Who Will Save Your Children From Going Off the Derech?
In a few days time, many of our children will file into their new classroom. They'll meet their new teachers, Rabbeim and Morot. Syllabi will be distributed, schedules will be negotiated. Learning will recommence, and along with it, all of our academic anxieties will return in full force.
But for those of us engaged in Chinuch, there is a concern far deeper than grades, skills or classroom participation. We want our talmidim to emerge from this year with greater connection to Hashem and His Torah, to Mitzvos and Yiddishkeit, Eretz Yisrael and The Jewish People.
This goal is daunting and cannot be taking for granted. But it cannot be dismissed as too overwhelming to tackle.
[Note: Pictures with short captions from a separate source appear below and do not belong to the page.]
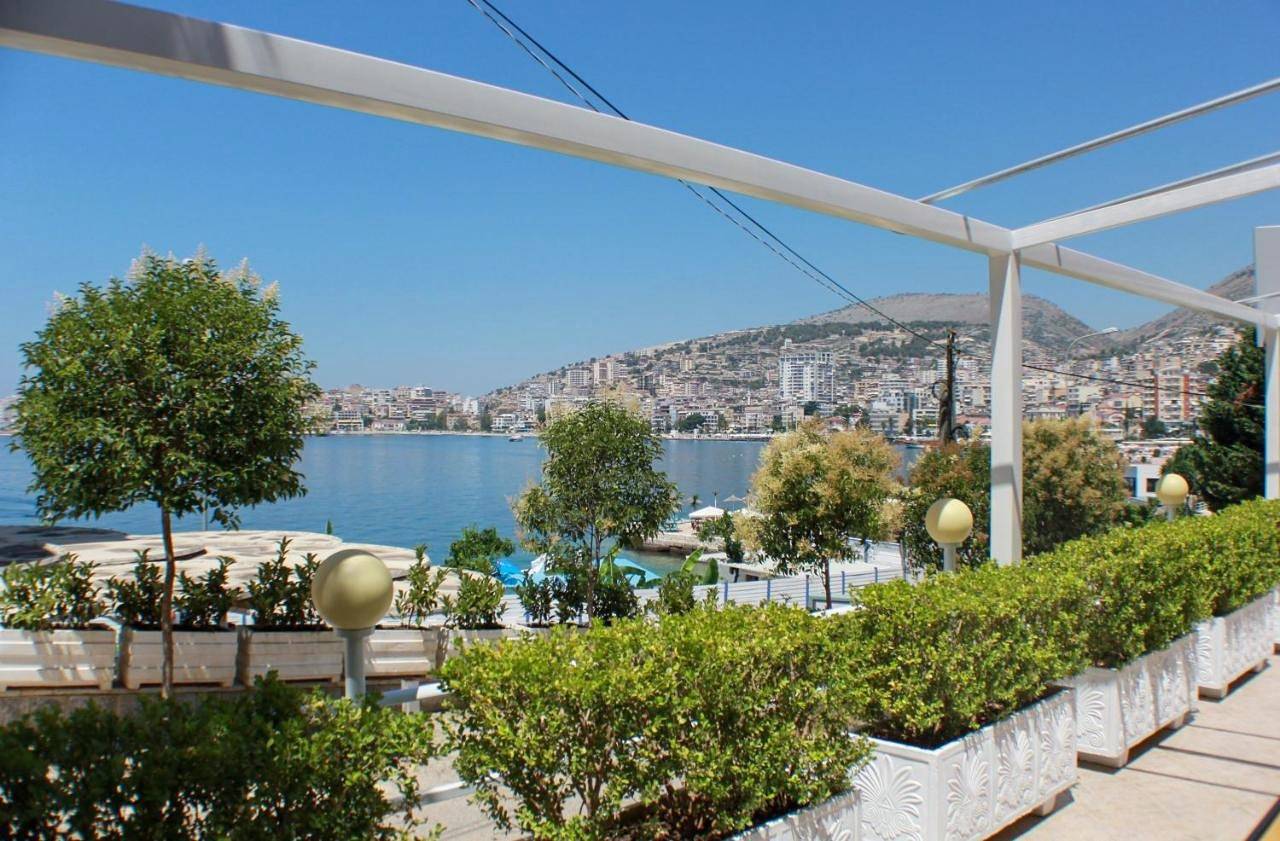 Hotel Ms in Saranda, Vlorë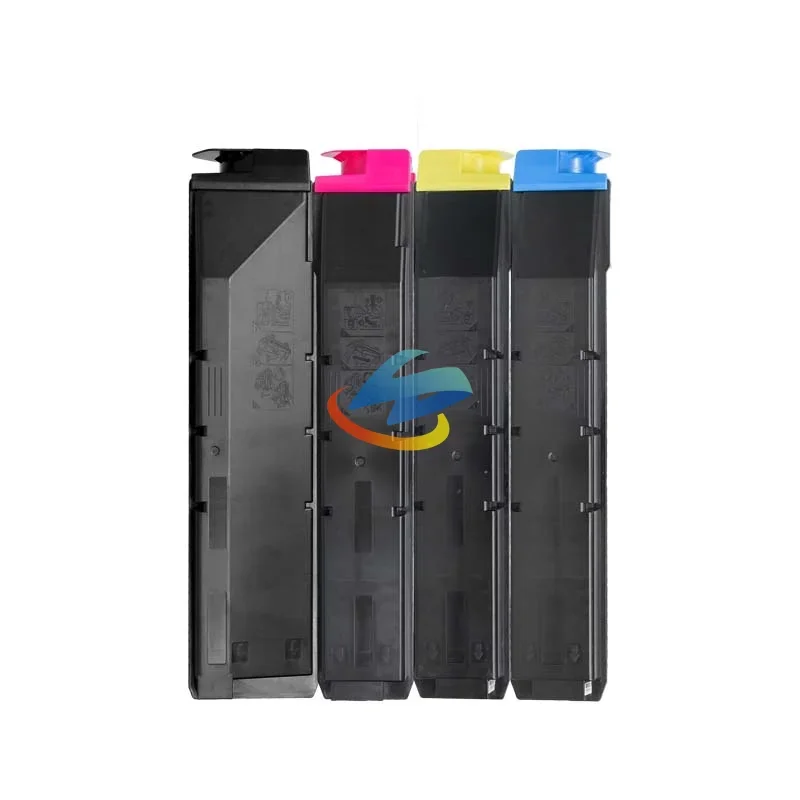 4PCS TK-8505 TK-8507 TK-8508 TK-8509 Toner Cartridge for Kyocera TASKalfa 4550ci 5550ci 4551ci 5551ci High Quality Refill Toner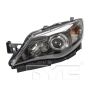 TYC Products 20-9122-90 Headlight Assembly
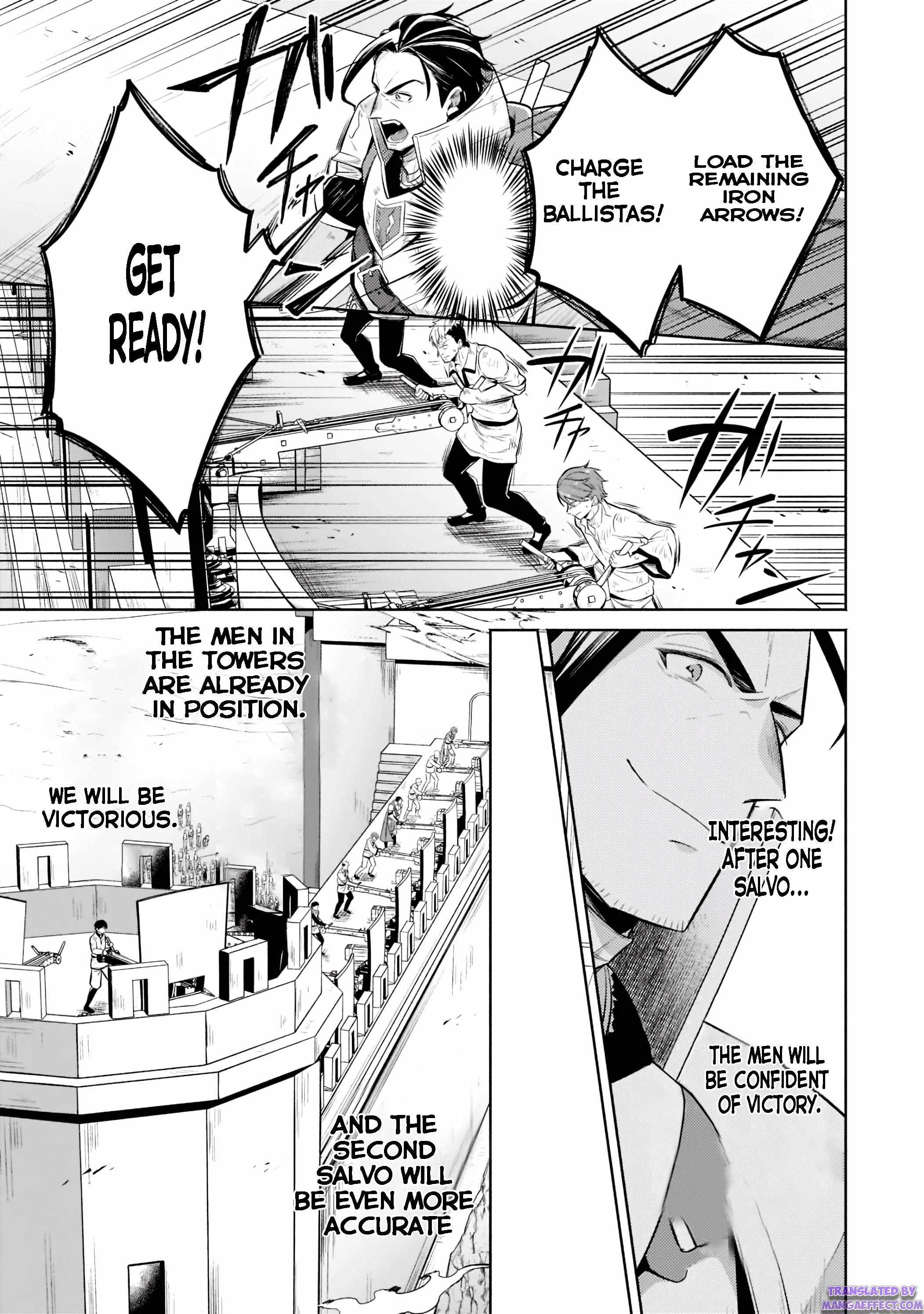 Fun Territory Defense by the Optimistic Lord Chapter 12.1 page 11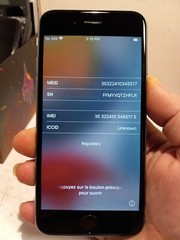 Apple iPhone 6s 32GB Sprint Space Gray A1688 – Good Shape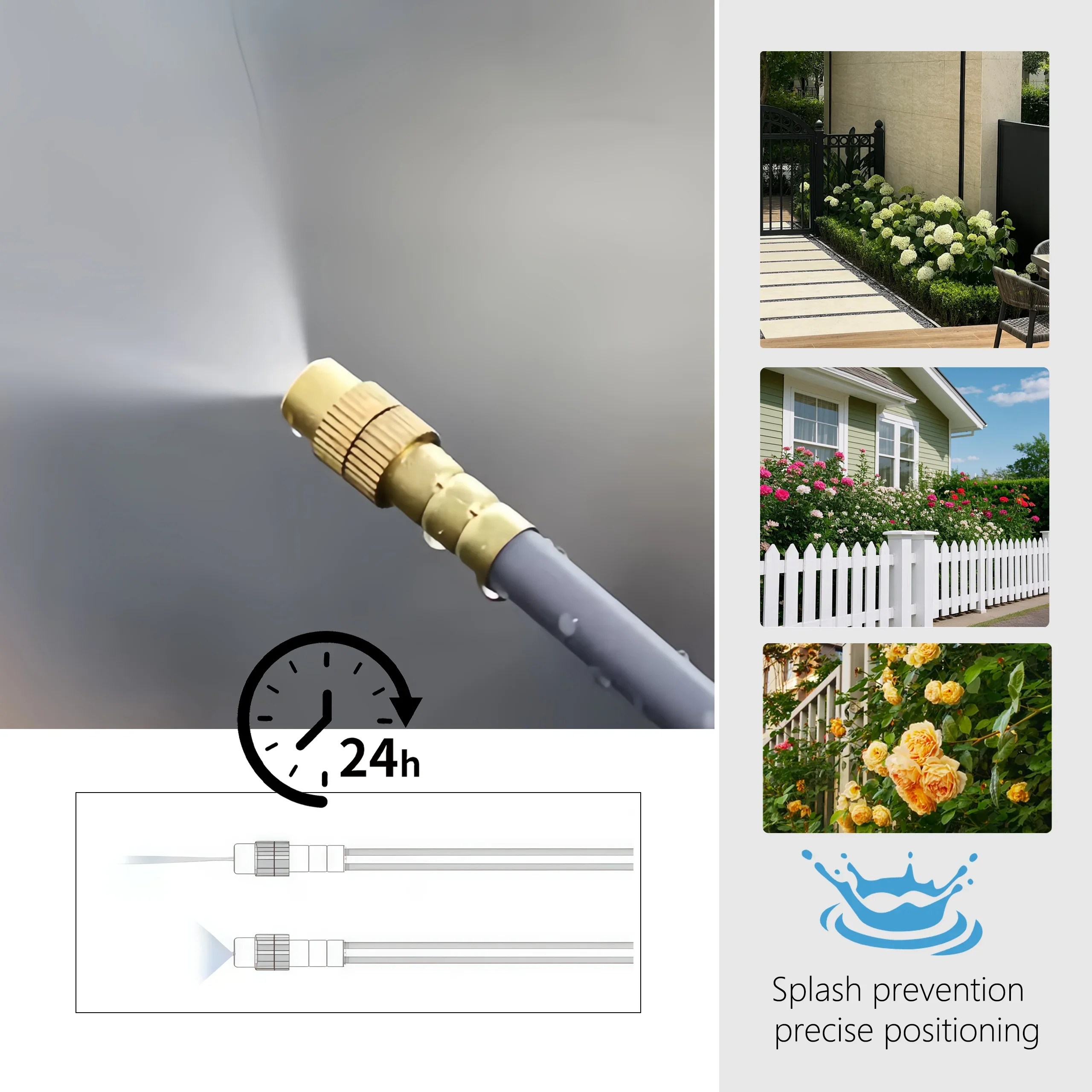 Dubbele zone, onafhankelijk, s - Smart Garden System recensie en prijs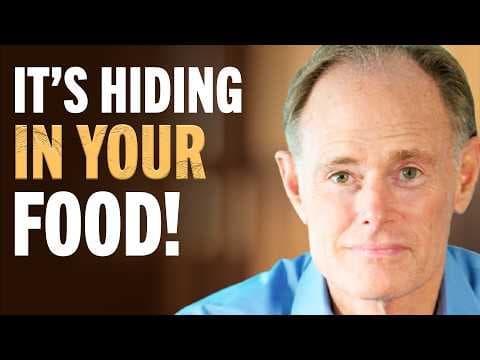 Longevity Expert: "If You Avoid This, You're Protected From Brain Decline, Disease & Inflammation" thumbnail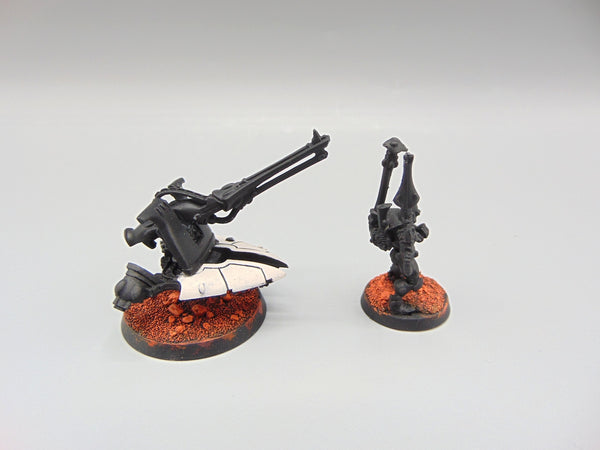 Eldar Support Platform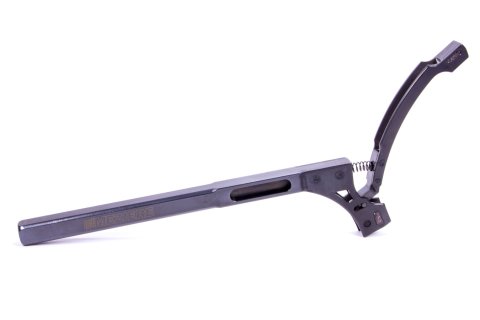 Flexplate and Flywheel Wrench - Steel - Black Oxide - Each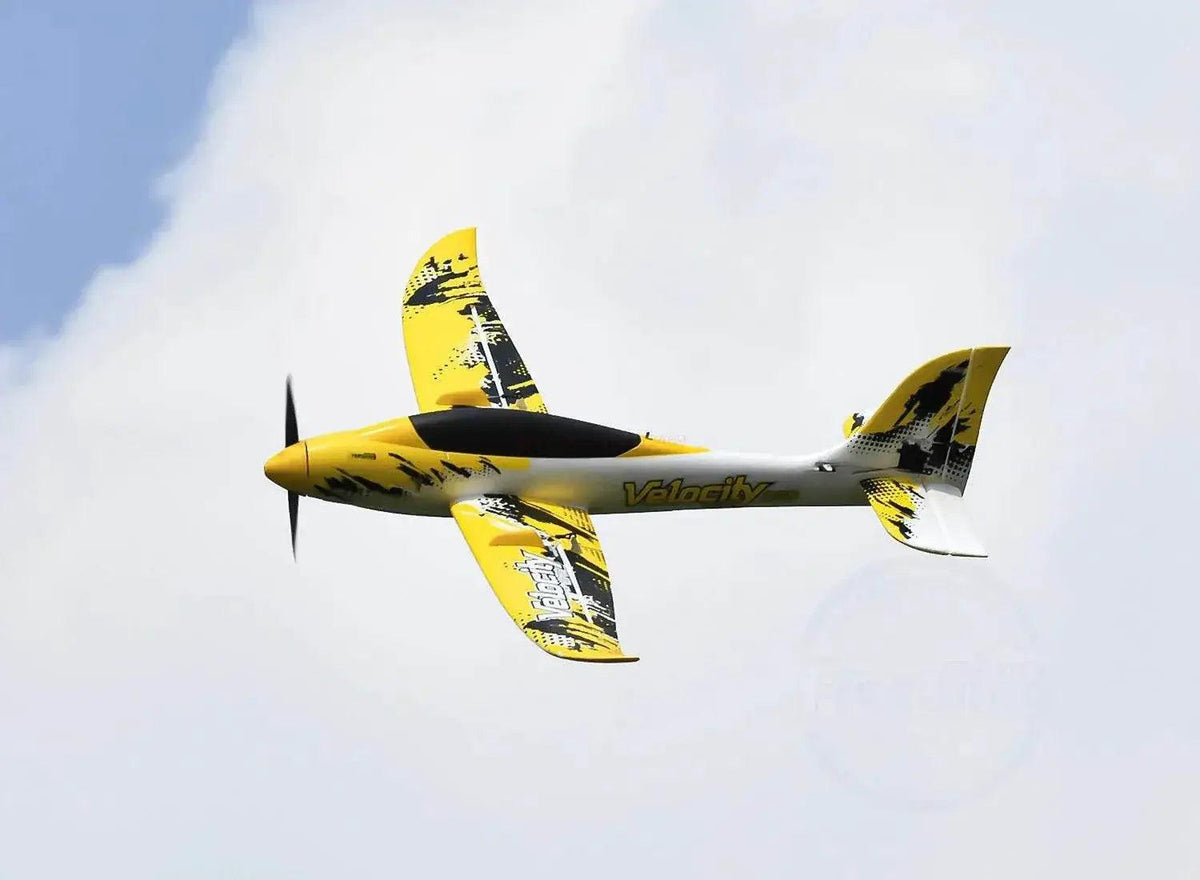  RC Freewing Velocity Patrol Racing RC Airplane - Fixed Wing Model with 6 Channels -  ToylandEU™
I often think about my own classmates – the guys that finished high school along side me. I invite you to do the same. Ask yourself: which of my friends are still committed, connected and passionate about their Yiddiskeit? Are there any upsets? Any surprises?
Undoubtably, things didn't work out for some of the kids in your grade. Just like they didn't all work out so well for the kids in my grade. I have friends that haven't put on Tefillin in years. Friends that are unquestionably “off the Derech”.
This is not a point we should be willing to concede. There is much work to be done. But when things don't go well, naturally, parents will blame schools and schools will blame parents. Eventually, a few years later, everyone will blame the children themselves. But those children most often tell a different and far more specific story.
For every kid that “goes off the Derech” there were pivotal moments that drove them to that point: A dismissive comment from a Rebbe, emotional neglect from a parent, or a teacher that didn't value them. (This is without mentioning the truly devastating effects of abuse, trauma and substance abuse.)
Most often, however, the exit begins slowly, with child's behavior manifesting as disrespectful and disengaged. At this stage, they are still testing the waters – their trajectory still in flux. But these experiments are usually met with more frustration. These uninspired and unmotivated kids will gradually become drawn to excitement outside of the classroom. This, in turn, inspires greater resentment on the part of parents and teachers, until it becomes difficult to discern how to unravel the complex web of emotions, behaviors and causes.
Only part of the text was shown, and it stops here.